For the identified SVGs, we utilized the auto-clustering module to predict six primary spatial domains and performed enrichment analyses of the SVGs in each spatial domain (Fig. 3d–f, Supplementary Fig. S13). Some spatial domains were correlated with specific cell types, consistent with the unsupervised spatial clustering results. The SVGs in spatial domain 4 expressed highly in the muscle cell region and identified many GO (Gene Ontology) terms and KEGG pathways associated with smooth muscle cells (Fig. 3d–f). The representative genes of spatial domain 4, DES44,45, MYL946, and ACTB47,48, were essential for the functions of smooth muscle cells. The SVGs of spatial domains 1, 2, 3, and 5 showed high-expression patterns in the tumor cell regions. However, we identified some spatial domains beyond explained cell types. The SVGs of spatial domains 1 and 2 showed high expression in the left and right tumor cell regions, respectively (Fig. 3d). The spatial domain 1 was enriched in immune-associated GO terms and KEGG pathways (Fig. 3f, Supplementary Fig. S14). Several representative SVGs in spatial domain 1, such as IGKC, IGHG4, and CD28, are associated with immune infiltration49–51 (Fig. 3e). The spatial domain 2 were enriched in the GO terms and KEGG pathways of cell differentiation52–54 (Fig. 3e, Supplementary Fig. S15), and included cell markers, such as EPCAM, KRT8, and CLDN3, which are connected with epithelial carcinogenesis, epithelial-mesenchymal transition (EMT) or cancer enhancement. The spatial domain 3 corresponded to the location of tumor cells. Some SVGs of the spatial domain 3, such as B2M55–58 and FTL57–59 are important encoding antigen genes in many cancers, as well as FTH160–62 and FTL59,63,64, which are closely related to iron metabolism in cancer cells. The functional differences between the left and right tumor cells could explain why the spatial expression pattern in the right tumor cell region has clearer boundaries than the left tumor cell region.

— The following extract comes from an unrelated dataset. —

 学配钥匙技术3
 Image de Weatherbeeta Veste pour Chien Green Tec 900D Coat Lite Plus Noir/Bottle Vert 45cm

We applied HEARTSVG on two other colorectal cancer ST datasets and corresponding liver metastasis ST datasets from the same cohort. HEARTSVG had a higher AUC (average AUC = 0.792) than other methods (Fig. S13). In the six colorectal cancer and liver metastasis spatial transcriptomic (ST) datasets, we detected higher expressions of numerous mitochondrial-encoded genes in the tumor cells compared to the non-tumor region within the colorectal tumor samples. However, this phenomenon was not observed in the liver metastasis samples (Fig. S20). We supposed that tumor cells at the primary site of colorectal cancer have higher oxidative phosphorylation (OXPHOS) activity than metastatic liver cancer sites, in line with recent studies showing OXPHOS upregulates in colorectal cancer65–68. Overall, HEARTSVG successfully detected SVGs with visually distinct patterns. The auto-clustering module effectively predicted spatial functional domain based on the distinguished SVG patterns positioned in and beyond the cell types.

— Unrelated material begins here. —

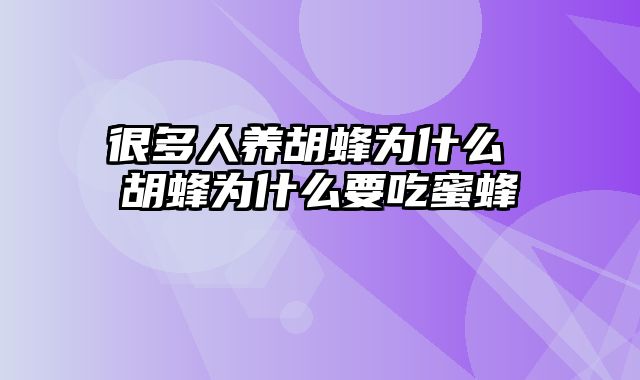 很多人养胡蜂为什么 胡蜂为什么要吃蜜蜂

HEARTSVG detects SVGs explained by cell types
Slide-seqV23 is a spatial transcriptomics technology that achieves transcriptome-wide measurements at near-cellular resolution. We applied HEARTSVG to mouse cerebellum data generated by Slide-seqV2, consisting of 20,141 genes measured on 11,626 spots. The cerebellum plays a crucial role in sensorimotor control69–71 and consists of the cortex, white matter, and cerebellar nuclei72. The cerebellar cortex comprises three cortical layers70 from the outside to the inside: the molecular layer (ML), the Purkinje layer (PCL), and the granular layer (GL). Purkinje cells are a unique kind of neuron in the cerebellar cortex and constitute a slight, convoluted monolayer.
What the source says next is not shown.